▸ Input records
* * *
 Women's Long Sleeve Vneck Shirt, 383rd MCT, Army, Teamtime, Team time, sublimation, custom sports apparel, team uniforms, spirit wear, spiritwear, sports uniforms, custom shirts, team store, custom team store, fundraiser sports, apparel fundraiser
* * *
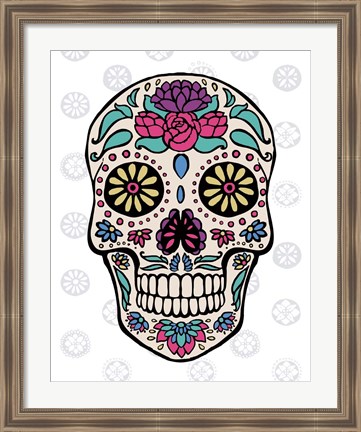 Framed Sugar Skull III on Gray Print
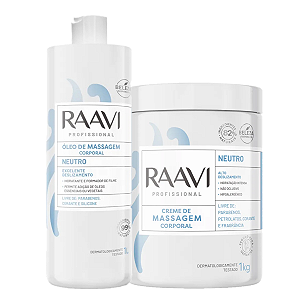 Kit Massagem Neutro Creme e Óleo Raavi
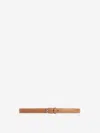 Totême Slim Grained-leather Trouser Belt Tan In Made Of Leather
* * *
▸ Problem requirements
Copy out exactly the material that runs from the line with "Framed Sugar Skull III on Gray Print" to the line with "Totême Slim Grained-leather", ends included, and leave the pictures behind.

▸ Response area
 Framed Sugar Skull III on Gray Print
 Kit Massagem Neutro Creme e Óleo Raavi
 Totême Slim Grained-leather Trouser Belt Tan In Made Of Leather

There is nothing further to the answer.